**Task requirements**:
Every line below between the one holding "神戸市トレセン 檜垣裕志サッカーアカデミー神戸校 杉村に語らせよう 神戸市トレセン" and the one holding "likes-0❤️️ , date-2023-06-25 01:30:01🇻🇳🇻🇳🇻🇳📰🆕", inclusive, should be copied exactly, and no other line.

**Exercise material**:
___
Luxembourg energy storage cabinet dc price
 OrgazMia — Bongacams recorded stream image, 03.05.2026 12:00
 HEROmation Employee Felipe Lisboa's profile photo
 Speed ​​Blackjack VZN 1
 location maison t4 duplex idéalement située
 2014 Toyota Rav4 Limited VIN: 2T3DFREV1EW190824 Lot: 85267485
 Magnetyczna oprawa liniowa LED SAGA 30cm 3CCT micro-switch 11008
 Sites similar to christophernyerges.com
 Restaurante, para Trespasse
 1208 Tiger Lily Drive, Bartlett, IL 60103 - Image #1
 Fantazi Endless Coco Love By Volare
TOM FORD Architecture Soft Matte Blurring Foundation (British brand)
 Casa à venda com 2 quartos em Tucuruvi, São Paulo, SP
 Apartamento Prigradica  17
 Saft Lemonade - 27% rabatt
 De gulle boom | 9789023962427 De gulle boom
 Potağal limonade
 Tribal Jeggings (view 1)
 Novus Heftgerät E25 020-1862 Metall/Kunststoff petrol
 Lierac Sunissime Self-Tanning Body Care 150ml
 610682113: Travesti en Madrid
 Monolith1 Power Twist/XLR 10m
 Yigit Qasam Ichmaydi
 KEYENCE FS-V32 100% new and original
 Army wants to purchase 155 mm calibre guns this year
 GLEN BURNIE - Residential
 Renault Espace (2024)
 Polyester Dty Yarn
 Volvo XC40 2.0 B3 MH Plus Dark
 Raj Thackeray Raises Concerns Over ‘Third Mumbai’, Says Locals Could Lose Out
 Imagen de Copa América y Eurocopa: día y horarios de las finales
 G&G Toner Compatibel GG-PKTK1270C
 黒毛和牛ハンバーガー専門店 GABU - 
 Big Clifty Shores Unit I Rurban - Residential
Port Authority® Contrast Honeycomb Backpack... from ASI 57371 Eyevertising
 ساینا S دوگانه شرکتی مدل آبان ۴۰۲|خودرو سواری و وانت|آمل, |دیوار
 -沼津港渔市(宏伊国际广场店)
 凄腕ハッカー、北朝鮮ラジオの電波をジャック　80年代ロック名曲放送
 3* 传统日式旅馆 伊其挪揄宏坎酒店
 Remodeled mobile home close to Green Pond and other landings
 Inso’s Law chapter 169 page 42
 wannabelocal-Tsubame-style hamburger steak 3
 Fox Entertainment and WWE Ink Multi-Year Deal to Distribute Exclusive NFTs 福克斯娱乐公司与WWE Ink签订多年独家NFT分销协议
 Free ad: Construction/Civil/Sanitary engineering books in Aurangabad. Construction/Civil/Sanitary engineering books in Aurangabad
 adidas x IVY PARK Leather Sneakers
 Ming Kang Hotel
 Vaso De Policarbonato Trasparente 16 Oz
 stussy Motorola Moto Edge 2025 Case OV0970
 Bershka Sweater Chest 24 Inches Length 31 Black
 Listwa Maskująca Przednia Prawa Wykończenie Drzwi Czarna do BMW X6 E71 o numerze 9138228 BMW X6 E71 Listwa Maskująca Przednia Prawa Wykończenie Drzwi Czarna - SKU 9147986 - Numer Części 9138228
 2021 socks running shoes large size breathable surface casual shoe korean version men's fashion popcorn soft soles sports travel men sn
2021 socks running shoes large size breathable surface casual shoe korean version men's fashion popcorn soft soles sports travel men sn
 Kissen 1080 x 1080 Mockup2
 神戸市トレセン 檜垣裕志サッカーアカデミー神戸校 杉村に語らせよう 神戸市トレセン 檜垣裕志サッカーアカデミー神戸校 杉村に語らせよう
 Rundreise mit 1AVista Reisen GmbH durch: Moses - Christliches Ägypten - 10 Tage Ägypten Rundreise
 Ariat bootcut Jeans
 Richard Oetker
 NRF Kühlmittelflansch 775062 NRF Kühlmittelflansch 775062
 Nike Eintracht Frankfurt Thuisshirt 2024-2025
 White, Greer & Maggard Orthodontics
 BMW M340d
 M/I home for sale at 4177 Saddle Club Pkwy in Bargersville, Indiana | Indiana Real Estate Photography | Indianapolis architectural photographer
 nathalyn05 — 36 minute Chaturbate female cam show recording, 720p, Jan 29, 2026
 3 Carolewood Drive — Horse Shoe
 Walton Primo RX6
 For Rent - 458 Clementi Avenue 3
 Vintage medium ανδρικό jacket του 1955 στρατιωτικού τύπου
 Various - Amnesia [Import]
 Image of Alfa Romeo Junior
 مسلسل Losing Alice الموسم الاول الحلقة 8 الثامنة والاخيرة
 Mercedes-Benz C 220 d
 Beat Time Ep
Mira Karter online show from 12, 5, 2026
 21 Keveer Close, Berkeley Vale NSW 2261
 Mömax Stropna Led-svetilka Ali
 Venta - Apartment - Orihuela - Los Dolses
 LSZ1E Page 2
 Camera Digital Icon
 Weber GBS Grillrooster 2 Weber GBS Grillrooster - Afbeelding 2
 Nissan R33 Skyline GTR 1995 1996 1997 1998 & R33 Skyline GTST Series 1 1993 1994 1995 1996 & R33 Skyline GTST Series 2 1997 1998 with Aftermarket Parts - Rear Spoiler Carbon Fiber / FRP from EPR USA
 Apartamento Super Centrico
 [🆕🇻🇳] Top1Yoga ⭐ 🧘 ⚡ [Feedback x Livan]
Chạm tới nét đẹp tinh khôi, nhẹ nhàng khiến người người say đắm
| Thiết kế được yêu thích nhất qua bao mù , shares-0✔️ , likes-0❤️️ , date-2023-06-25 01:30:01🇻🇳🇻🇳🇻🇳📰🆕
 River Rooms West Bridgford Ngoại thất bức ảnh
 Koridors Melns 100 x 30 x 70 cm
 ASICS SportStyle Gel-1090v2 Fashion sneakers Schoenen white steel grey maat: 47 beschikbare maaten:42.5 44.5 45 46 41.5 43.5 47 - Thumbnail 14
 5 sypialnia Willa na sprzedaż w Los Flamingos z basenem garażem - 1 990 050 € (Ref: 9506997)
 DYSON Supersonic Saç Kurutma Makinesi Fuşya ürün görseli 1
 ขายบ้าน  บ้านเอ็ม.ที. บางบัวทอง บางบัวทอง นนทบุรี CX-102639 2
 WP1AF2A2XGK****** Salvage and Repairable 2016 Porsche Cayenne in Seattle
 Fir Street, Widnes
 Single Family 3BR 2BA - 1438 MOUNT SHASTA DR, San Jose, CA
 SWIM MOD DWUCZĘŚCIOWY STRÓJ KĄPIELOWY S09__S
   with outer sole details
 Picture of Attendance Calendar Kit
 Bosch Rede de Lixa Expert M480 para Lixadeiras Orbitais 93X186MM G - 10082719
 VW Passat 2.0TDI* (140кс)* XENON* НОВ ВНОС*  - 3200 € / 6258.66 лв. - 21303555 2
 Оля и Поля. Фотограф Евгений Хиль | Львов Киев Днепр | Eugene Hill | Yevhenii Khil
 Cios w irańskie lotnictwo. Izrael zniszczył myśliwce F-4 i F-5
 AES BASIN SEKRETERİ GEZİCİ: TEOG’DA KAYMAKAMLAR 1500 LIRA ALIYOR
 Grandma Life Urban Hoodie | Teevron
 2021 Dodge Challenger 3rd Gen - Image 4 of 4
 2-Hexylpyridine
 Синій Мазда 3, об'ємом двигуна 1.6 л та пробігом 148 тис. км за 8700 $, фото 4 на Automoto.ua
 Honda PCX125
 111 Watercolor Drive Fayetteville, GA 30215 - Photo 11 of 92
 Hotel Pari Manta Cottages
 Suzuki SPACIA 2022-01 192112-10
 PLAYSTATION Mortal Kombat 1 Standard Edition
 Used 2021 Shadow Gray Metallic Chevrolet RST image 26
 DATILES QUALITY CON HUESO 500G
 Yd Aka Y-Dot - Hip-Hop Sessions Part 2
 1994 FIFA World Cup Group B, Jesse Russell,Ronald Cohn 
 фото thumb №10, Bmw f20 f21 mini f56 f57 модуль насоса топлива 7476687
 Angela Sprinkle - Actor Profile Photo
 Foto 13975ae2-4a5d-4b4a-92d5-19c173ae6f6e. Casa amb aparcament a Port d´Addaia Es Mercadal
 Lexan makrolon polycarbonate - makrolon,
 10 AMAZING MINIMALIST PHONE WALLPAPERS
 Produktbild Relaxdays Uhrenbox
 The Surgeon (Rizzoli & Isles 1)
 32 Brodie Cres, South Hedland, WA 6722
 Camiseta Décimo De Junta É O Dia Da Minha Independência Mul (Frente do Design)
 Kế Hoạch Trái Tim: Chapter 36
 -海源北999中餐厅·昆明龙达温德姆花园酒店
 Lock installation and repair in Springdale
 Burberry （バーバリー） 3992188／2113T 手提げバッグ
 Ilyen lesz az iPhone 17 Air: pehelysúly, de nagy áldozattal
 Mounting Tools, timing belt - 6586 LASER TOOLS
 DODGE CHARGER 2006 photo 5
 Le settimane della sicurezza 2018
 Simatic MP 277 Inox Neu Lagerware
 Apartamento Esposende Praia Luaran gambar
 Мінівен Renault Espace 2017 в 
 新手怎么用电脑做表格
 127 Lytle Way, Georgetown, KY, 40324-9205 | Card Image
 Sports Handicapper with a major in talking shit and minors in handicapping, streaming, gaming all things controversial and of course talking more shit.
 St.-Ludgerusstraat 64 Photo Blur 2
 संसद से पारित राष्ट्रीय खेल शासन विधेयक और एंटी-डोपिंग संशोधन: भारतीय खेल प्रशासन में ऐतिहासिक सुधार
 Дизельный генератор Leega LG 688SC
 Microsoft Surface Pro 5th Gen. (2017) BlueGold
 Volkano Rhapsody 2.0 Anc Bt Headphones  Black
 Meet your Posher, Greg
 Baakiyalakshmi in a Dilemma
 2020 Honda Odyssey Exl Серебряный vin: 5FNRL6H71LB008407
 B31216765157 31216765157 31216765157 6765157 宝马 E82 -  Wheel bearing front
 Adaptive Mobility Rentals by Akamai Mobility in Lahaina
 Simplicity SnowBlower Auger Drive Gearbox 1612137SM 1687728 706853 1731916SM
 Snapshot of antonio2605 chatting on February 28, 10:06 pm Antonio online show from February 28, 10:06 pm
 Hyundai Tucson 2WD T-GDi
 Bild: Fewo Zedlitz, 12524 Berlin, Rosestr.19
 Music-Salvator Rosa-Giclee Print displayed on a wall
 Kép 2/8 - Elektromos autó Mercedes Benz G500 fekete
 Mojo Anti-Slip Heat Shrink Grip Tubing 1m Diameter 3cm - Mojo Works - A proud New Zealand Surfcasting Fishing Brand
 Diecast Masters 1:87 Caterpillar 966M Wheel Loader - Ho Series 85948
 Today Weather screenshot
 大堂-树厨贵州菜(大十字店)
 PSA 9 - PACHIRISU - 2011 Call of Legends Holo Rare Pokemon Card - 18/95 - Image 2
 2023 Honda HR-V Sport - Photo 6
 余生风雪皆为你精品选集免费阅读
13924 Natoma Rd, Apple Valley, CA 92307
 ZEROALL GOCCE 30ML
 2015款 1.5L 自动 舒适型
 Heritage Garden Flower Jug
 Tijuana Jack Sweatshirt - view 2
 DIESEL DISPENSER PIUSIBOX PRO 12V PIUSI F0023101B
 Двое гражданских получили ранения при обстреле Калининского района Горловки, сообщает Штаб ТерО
___
**Completed exercise**:
 神戸市トレセン 檜垣裕志サッカーアカデミー神戸校 杉村に語らせよう 神戸市トレセン 檜垣裕志サッカーアカデミー神戸校 杉村に語らせよう
 Rundreise mit 1AVista Reisen GmbH durch: Moses - Christliches Ägypten - 10 Tage Ägypten Rundreise
 Ariat bootcut Jeans
 Richard Oetker
 NRF Kühlmittelflansch 775062 NRF Kühlmittelflansch 775062
 Nike Eintracht Frankfurt Thuisshirt 2024-2025
 White, Greer & Maggard Orthodontics
 BMW M340d
 M/I home for sale at 4177 Saddle Club Pkwy in Bargersville, Indiana | Indiana Real Estate Photography | Indianapolis architectural photographer
 nathalyn05 — 36 minute Chaturbate female cam show recording, 720p, Jan 29, 2026
 3 Carolewood Drive — Horse Shoe
 Walton Primo RX6
 For Rent - 458 Clementi Avenue 3
 Vintage medium ανδρικό jacket του 1955 στρατιωτικού τύπου
 Various - Amnesia [Import]
 Image of Alfa Romeo Junior
 مسلسل Losing Alice الموسم الاول الحلقة 8 الثامنة والاخيرة
 Mercedes-Benz C 220 d
 Beat Time Ep
Mira Karter online show from 12, 5, 2026
 21 Keveer Close, Berkeley Vale NSW 2261
 Mömax Stropna Led-svetilka Ali
 Venta - Apartment - Orihuela - Los Dolses
 LSZ1E Page 2
 Camera Digital Icon
 Weber GBS Grillrooster 2 Weber GBS Grillrooster - Afbeelding 2
 Nissan R33 Skyline GTR 1995 1996 1997 1998 & R33 Skyline GTST Series 1 1993 1994 1995 1996 & R33 Skyline GTST Series 2 1997 1998 with Aftermarket Parts - Rear Spoiler Carbon Fiber / FRP from EPR USA
 Apartamento Super Centrico
 [🆕🇻🇳] Top1Yoga ⭐ 🧘 ⚡ [Feedback x Livan]
Chạm tới nét đẹp tinh khôi, nhẹ nhàng khiến người người say đắm
| Thiết kế được yêu thích nhất qua bao mù , shares-0✔️ , likes-0❤️️ , date-2023-06-25 01:30:01🇻🇳🇻🇳🇻🇳📰🆕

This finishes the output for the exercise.